The task ->
Give the lines below again exactly, starting with the line that holds "McDonnell Douglas MD-11" and going on through the line that holds "High Quality L1".

Data under study ->
⟨

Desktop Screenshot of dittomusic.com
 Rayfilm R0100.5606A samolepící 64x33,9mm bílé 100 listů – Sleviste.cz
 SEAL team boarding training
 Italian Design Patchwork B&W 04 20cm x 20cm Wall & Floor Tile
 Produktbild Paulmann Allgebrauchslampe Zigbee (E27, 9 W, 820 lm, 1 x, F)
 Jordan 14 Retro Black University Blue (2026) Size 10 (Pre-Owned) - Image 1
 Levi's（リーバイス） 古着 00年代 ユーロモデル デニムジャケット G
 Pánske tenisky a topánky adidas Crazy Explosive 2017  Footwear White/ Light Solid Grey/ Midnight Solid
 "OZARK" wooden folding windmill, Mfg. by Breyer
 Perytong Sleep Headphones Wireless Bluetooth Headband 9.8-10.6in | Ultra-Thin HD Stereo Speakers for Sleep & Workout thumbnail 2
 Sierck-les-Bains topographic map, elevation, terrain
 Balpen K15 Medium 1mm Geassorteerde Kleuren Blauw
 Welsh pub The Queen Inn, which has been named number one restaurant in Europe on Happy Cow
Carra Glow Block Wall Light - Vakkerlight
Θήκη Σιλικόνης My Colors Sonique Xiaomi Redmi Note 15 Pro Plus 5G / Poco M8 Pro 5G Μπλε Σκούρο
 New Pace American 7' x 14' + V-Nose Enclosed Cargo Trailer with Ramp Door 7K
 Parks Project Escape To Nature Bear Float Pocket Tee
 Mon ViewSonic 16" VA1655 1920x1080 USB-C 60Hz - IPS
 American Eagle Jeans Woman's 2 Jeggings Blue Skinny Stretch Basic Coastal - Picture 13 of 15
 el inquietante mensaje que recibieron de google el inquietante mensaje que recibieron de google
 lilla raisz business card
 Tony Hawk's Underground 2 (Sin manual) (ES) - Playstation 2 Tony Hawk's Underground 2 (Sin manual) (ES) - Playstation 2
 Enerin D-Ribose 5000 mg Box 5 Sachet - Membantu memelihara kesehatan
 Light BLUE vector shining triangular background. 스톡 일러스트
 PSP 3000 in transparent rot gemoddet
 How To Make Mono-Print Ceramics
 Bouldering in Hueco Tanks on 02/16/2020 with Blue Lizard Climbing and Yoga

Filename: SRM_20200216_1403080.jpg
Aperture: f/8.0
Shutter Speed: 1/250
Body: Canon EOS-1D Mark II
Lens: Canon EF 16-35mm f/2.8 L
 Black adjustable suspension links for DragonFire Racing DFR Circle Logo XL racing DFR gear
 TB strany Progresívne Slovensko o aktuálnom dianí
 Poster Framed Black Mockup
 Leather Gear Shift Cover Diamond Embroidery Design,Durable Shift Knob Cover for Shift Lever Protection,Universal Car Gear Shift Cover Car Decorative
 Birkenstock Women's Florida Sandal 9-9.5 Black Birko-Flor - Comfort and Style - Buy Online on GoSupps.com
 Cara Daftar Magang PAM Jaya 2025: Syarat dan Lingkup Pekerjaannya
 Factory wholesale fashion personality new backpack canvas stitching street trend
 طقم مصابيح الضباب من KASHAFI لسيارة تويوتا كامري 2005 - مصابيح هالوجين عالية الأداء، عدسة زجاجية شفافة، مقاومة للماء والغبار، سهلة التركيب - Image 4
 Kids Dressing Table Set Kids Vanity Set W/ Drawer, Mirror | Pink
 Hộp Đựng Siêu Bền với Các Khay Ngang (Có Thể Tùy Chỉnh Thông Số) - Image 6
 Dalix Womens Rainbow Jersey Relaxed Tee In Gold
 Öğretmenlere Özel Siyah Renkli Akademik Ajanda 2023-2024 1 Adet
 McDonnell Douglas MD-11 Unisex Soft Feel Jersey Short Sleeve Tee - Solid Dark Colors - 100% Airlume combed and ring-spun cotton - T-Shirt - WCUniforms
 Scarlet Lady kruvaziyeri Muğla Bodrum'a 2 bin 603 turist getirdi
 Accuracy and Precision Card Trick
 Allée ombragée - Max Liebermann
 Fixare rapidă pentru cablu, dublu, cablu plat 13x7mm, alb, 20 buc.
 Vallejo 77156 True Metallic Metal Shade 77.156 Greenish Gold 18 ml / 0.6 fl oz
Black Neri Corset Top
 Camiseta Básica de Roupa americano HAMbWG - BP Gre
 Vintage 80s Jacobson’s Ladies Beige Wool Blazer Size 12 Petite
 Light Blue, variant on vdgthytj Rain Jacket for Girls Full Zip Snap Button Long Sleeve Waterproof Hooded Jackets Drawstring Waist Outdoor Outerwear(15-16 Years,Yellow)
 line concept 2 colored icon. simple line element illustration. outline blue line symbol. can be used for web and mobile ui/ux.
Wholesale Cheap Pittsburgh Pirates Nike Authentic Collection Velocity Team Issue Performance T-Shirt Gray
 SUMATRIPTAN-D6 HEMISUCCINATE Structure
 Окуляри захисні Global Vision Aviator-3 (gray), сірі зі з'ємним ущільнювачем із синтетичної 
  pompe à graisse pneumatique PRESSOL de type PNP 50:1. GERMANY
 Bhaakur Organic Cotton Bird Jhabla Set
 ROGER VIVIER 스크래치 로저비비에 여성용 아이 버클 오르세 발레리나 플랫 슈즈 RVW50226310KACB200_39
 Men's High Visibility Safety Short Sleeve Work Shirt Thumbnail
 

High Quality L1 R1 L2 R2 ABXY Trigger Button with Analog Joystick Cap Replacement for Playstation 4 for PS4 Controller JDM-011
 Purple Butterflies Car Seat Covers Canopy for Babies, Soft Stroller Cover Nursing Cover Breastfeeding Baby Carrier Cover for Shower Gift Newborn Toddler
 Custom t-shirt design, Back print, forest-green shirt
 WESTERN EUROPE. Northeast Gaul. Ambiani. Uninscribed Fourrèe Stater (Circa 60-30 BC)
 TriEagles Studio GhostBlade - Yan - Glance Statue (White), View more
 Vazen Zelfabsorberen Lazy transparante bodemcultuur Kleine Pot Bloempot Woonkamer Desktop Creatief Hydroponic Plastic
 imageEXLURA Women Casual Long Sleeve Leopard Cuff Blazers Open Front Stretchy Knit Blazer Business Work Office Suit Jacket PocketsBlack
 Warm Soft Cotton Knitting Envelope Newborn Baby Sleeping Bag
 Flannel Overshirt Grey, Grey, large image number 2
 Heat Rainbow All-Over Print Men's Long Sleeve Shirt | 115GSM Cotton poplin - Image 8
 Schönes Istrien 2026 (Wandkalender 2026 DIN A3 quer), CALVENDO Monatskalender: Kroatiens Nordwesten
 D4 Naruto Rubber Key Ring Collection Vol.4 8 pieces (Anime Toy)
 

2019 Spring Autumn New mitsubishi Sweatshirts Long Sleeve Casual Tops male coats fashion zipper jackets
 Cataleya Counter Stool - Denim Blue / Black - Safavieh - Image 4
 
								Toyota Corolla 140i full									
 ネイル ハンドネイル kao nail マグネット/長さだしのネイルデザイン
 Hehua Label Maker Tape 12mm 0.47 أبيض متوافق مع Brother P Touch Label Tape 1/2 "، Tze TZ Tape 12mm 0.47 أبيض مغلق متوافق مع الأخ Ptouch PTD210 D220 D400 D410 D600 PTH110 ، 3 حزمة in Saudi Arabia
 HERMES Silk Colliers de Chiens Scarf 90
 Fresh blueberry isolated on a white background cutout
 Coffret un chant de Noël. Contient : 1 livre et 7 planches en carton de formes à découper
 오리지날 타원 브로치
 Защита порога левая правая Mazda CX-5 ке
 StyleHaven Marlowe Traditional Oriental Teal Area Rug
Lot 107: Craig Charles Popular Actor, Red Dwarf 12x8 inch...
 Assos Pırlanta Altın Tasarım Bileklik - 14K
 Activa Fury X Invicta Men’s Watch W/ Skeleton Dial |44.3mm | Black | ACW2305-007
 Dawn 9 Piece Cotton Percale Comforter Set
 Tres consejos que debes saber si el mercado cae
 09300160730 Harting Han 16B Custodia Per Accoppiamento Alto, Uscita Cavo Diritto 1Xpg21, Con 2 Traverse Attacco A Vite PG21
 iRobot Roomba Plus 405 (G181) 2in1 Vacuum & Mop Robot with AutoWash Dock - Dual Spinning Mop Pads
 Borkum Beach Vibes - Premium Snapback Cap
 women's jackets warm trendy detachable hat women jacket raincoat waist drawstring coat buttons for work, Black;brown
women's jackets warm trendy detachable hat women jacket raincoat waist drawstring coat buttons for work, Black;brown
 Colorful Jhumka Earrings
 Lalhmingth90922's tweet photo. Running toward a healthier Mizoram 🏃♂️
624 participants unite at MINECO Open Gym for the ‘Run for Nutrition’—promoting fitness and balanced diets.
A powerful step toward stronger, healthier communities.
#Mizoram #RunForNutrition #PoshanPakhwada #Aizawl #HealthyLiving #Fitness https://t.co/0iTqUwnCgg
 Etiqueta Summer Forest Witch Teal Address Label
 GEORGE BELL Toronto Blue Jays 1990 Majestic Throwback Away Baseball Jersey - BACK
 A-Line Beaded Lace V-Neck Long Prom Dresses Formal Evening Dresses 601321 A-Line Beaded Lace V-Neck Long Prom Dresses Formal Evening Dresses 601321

⟩

Task solution ->
 McDonnell Douglas MD-11 Unisex Soft Feel Jersey Short Sleeve Tee - Solid Dark Colors - 100% Airlume combed and ring-spun cotton - T-Shirt - WCUniforms
 Scarlet Lady kruvaziyeri Muğla Bodrum'a 2 bin 603 turist getirdi
 Accuracy and Precision Card Trick
 Allée ombragée - Max Liebermann
 Fixare rapidă pentru cablu, dublu, cablu plat 13x7mm, alb, 20 buc.
 Vallejo 77156 True Metallic Metal Shade 77.156 Greenish Gold 18 ml / 0.6 fl oz
Black Neri Corset Top
 Camiseta Básica de Roupa americano HAMbWG - BP Gre
 Vintage 80s Jacobson’s Ladies Beige Wool Blazer Size 12 Petite
 Light Blue, variant on vdgthytj Rain Jacket for Girls Full Zip Snap Button Long Sleeve Waterproof Hooded Jackets Drawstring Waist Outdoor Outerwear(15-16 Years,Yellow)
 line concept 2 colored icon. simple line element illustration. outline blue line symbol. can be used for web and mobile ui/ux.
Wholesale Cheap Pittsburgh Pirates Nike Authentic Collection Velocity Team Issue Performance T-Shirt Gray
 SUMATRIPTAN-D6 HEMISUCCINATE Structure
 Окуляри захисні Global Vision Aviator-3 (gray), сірі зі з'ємним ущільнювачем із синтетичної 
  pompe à graisse pneumatique PRESSOL de type PNP 50:1. GERMANY
 Bhaakur Organic Cotton Bird Jhabla Set
 ROGER VIVIER 스크래치 로저비비에 여성용 아이 버클 오르세 발레리나 플랫 슈즈 RVW50226310KACB200_39
 Men's High Visibility Safety Short Sleeve Work Shirt Thumbnail
 

High Quality L1 R1 L2 R2 ABXY Trigger Button with Analog Joystick Cap Replacement for Playstation 4 for PS4 Controller JDM-011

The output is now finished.